By comparison, my little sailing adventure in the age of satellites and Gortex was tame, to say the least. But still, I get the sense that a century later, more people ask me why —“Why put yourself through that?” — than had ever asked Douglas Mawson.~~
Human history is marked by exploration and discovery. Ever since our ancestors left the savannas of Africa we have been venturing into the unknown. We have crossed seas and oceans, traversed ancient bridges of land and ice, endured hardships that are difficult to fathom. Even when we created permanent settlements, building kingdoms and cities, we never stopped discovering. And while the discomfort and danger of exploration was often extreme, the discomfort and danger of everyday life was only somewhat less so.
At the turn of the 20th century, the spirit of exploration thrived as sights turned to the far north and the far south — the Age of Exploration had reached the poles. Whether in the name of science or simply in the name of being first, the men who dared to sail the treacherous waters and cross the unforgiving lands were lionized. And as they sledged across crevasses and scaled icefalls, men like Douglas Mawson didn’t just push boundaries. They risked their lives to define them.
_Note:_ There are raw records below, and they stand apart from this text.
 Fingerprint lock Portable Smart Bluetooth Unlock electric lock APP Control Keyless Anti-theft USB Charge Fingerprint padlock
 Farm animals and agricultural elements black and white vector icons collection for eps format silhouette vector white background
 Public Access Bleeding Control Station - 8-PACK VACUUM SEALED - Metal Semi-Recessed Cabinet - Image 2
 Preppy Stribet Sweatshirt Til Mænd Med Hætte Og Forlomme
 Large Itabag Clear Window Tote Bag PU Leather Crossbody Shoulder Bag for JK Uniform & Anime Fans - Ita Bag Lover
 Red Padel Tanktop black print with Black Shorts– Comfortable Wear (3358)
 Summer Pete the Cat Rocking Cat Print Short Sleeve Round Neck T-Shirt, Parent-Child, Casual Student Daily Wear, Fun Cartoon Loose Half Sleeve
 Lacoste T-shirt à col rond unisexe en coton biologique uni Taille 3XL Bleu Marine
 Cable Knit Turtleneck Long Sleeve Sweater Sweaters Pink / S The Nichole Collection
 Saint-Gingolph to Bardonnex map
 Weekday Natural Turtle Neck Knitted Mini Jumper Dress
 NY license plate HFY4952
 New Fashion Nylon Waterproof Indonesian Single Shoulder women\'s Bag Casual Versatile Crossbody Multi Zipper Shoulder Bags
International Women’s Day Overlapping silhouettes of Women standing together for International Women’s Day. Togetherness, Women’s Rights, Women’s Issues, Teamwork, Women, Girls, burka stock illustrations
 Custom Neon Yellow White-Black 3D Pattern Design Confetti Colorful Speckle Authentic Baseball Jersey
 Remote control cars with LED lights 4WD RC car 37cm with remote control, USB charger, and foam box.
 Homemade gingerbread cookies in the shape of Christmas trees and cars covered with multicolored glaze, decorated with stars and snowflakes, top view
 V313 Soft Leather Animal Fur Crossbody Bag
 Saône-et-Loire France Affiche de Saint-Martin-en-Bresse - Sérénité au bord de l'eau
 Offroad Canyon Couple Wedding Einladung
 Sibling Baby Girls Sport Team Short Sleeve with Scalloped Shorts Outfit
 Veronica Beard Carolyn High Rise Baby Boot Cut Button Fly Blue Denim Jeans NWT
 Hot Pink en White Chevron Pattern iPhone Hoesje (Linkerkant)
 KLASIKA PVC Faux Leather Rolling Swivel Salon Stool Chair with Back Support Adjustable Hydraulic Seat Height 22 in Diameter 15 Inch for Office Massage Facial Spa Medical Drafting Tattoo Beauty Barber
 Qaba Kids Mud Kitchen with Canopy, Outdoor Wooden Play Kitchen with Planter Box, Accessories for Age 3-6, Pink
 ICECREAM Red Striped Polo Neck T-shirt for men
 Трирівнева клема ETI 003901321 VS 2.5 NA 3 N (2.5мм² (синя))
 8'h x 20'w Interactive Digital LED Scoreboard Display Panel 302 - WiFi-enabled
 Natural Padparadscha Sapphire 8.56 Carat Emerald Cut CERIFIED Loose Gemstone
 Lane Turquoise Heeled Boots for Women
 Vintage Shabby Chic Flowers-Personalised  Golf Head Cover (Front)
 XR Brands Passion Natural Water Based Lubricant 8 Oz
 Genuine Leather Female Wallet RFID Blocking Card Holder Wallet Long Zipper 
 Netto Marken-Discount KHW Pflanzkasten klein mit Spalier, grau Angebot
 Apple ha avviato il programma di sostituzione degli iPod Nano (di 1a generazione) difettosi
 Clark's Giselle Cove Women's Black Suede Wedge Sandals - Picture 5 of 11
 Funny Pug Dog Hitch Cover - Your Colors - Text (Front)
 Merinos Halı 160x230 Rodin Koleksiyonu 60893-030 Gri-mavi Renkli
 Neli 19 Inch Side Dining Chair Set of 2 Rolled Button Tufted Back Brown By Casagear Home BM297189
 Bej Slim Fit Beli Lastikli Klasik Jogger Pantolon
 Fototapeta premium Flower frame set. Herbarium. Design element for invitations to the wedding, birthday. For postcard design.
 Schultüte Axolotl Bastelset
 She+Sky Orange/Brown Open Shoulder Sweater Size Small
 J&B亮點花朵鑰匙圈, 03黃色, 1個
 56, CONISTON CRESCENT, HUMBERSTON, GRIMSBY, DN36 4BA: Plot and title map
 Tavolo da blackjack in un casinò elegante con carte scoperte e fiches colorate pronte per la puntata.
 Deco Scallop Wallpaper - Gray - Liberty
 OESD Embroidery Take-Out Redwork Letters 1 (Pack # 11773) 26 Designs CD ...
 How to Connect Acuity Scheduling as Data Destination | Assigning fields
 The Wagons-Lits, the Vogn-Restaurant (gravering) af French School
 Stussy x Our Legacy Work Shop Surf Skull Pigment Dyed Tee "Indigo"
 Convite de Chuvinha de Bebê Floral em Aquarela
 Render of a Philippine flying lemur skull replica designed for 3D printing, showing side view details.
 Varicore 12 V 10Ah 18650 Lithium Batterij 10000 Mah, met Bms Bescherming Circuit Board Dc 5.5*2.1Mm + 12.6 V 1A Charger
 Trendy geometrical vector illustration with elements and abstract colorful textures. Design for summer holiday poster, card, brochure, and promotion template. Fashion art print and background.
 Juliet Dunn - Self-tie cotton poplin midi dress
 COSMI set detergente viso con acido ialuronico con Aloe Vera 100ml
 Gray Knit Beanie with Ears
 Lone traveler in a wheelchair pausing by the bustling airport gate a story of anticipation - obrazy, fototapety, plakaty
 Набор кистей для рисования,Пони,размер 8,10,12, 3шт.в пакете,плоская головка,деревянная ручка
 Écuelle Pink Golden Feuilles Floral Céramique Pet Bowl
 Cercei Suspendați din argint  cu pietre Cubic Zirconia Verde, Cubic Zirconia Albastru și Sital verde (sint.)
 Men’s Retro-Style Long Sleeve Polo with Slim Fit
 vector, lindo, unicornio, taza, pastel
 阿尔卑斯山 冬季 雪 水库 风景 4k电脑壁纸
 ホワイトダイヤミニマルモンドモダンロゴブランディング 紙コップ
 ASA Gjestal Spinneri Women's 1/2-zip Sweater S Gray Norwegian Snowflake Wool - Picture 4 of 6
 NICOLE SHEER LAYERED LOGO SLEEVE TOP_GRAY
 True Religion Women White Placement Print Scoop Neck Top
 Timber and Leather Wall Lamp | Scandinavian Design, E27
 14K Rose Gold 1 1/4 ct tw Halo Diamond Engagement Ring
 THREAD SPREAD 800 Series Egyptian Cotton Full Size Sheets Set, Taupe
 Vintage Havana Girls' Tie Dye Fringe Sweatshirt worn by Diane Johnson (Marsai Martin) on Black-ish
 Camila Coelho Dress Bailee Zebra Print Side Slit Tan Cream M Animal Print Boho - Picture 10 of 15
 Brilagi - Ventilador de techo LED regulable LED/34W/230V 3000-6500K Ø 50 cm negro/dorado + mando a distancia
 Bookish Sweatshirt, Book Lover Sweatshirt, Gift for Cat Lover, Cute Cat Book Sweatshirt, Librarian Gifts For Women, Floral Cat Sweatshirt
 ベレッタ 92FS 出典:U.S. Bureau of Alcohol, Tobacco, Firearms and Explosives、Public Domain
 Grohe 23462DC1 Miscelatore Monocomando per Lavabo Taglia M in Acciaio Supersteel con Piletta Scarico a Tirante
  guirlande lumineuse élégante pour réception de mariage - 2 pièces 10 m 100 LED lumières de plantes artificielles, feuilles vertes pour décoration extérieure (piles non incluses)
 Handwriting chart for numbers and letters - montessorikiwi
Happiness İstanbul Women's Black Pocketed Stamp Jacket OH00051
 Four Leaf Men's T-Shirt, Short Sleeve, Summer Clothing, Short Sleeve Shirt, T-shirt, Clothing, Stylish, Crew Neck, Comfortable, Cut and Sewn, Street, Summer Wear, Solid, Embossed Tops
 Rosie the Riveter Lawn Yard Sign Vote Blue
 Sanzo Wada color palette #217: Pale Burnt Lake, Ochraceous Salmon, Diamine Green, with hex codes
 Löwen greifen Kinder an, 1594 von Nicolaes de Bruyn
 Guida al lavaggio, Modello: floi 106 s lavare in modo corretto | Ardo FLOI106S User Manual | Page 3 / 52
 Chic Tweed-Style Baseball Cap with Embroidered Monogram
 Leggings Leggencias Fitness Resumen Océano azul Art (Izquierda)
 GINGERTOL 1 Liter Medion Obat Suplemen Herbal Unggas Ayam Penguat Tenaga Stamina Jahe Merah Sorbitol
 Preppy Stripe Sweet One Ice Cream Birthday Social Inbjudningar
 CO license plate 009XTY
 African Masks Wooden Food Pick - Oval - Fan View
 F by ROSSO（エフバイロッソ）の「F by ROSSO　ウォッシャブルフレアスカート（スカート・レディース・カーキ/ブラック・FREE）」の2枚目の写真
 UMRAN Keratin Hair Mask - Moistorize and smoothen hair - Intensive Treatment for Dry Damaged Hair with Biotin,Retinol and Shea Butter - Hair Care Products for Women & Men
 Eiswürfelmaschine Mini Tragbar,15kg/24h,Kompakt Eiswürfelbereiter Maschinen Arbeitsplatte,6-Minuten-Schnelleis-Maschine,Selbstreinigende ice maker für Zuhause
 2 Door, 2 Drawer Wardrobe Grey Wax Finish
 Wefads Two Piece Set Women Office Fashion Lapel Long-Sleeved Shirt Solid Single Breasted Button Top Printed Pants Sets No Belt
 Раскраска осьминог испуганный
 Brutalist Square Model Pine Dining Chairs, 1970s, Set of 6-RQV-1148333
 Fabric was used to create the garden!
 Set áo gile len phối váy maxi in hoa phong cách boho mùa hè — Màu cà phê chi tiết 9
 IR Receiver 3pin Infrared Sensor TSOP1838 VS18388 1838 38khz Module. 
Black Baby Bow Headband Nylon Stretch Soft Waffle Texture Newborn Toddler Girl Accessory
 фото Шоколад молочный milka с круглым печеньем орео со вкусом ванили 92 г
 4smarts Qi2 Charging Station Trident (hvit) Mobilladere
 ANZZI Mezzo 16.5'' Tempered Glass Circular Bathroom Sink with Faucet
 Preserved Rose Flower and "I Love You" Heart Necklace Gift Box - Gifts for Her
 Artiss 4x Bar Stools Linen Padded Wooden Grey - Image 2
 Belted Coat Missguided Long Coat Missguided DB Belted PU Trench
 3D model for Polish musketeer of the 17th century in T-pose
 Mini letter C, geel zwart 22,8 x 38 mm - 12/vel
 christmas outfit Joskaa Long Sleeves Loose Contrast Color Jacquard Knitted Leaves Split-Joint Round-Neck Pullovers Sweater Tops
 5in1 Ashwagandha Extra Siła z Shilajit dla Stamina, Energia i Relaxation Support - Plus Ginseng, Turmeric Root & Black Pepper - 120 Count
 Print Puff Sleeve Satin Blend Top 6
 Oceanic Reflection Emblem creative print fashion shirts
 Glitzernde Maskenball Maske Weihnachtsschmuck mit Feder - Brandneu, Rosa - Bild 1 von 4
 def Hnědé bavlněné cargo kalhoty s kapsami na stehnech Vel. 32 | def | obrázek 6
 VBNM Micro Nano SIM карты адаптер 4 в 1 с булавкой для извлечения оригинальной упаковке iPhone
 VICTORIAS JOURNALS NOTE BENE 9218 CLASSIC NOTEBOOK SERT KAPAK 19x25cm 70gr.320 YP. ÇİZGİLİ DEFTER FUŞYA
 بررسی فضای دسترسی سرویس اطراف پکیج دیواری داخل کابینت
But today, the age of exploration, we’re told, is over. For humanity as a whole, the world is more accessible than it has ever been. We live in more comfort than we ever have. We face fewer risks than we’ve ever faced. And with the decrease in risk has come a concurrent decrease in our tolerance for it, and a widespread belief that those who would intentionally take certain risks are foolish. We don’t have to sail across the Drake Passage, or cross the Sahara, or trek through the Himalayas because the Douglas Mawsons of an earlier era did it for us. They made maps and took pictures, and all of that information is an Internet search away. So why, in this modern age, would we seek out discomfort and danger?
Maybe it is because the value of exploration doesn’t have to be as grandiose as the betterment of humanity. Maybe it can be as simple as learning to trust our abilities and instincts when we can’t see the path back to shore.
Adventures live inside us long after they end. For me, the bruises of the Drake faded, but the exhilaration I felt as I traveled the edges of human civilization have never left me. And that is why I am back on a ship in the Drake Passage. I am returning to a place unlike any other on this planet — a place where I can sail into an active volcano; where penguin chicks hop up onto my boots like squeaky balls of curious gray fluff; where ice that began as snow in another millennium has been sculpted into towering castles by the most basic of elements.
If only for a moment, it is a place where the the arc of human history — of exploration and discovery — intersects with my own.